The Obama administration released a long-awaited update to the National Security Strategy Friday. I’ve written three pieces and am working on a fourth, discussing various aspects of it. The first to go live is “Obama’s National-Security Wish List,” published by The National Interest.
It is in many ways a remarkable document, lucidly describing the foreign (and domestic) policy vision of the only global power, nodding to an enormous number of allies, partners and stakeholders. It is, however, only loosely about national security. More importantly, it’s decidedly not a strategy.

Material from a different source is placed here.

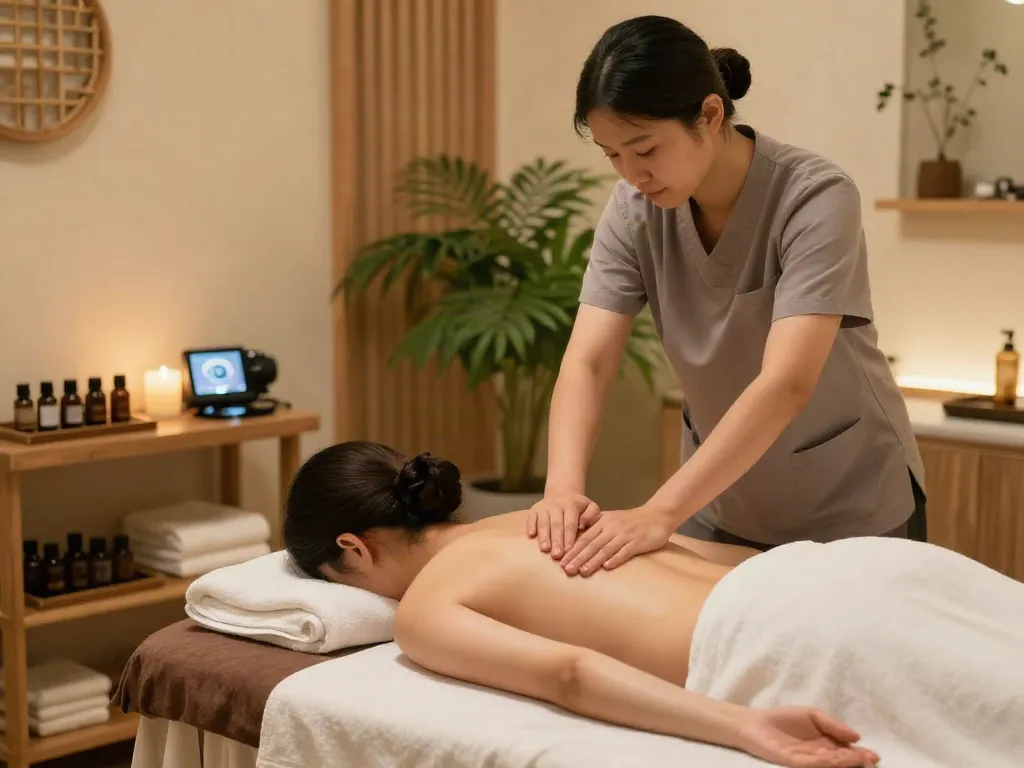 분당출장안마 massage therapy session in a peaceful spa setting with warm lighting.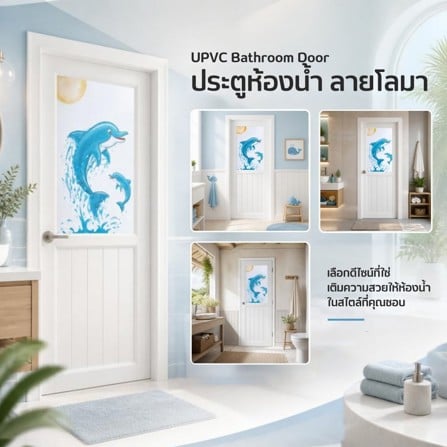 ประตูห้องน้ำ UPVC ไม่เจาะลูกบิด AZLE โลมา (บานทึบ) 70x200 ซม. สีขาว_3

Despite President Obama’s assurance in the introductory paragraph that the document “sets out the principles and priorities to guide the use of American power” and his recognition that “our resources will never be limitless. Policy tradeoffs and hard choices will need to be made,” he goes on to list in bullet form eight “top strategic risks to our interests” that, in their own right and as expanded upon in the rest of the document, are anything but limited or prioritized.
As with its predecessor, a recurrent theme of the document is what the president hails in his introductory letter as “an undeniable truth—America must lead.” Indeed, he assures us, “The question is never whether America should lead, but how we lead.”
Apparently, “never” is to be taken literally here, as the issues on which America must lead are endless. Indeed, the first section posits that “there is no shortage of challenges that demand continued American leadership.” Everything from violent extremism and cybersecurity to climate change and infectious degrees to stopping the spread of nuclear weapons is on the agenda. Nor is it bounded by geography; America must lead everywhere from Europe to Asia, Africa to Latin America, from the oceans to outer space.
Again, very little of this is objectionable. Indeed, with the major exception of continuing to ignore regional realities in the Middle East and Eastern Europe—perhaps exacerbated by, but certainly not invented by, this administration—I support almost every sentence of it. But it’s a wish list, not a strategy.
The president recognizes that this “is an ambitious agenda” and allows that “not everything will be completed during [his] Presidency.” Understatement aside, it doesn’t have to be. Our Cold War containment strategy took the administrations of eight presidents to reach fruition. But it at least outlined what was most important and helped shape funding, procurement, deployment and other key decisions. The present document outlines a better future, but gives us precious little guidance on how to get there.
Interestingly, as I argue in a piece I finished drafting minutes ago and that should publish tomorrow, President Obama himself is a much more nuanced strategic thinker than shown in the document. But this was a missed opportunity to put that vision down on paper. Given that it serves as the basis for crafting our National Defense Strategy and dozens of other policy documents across the interagency, that’s a problem, indeed.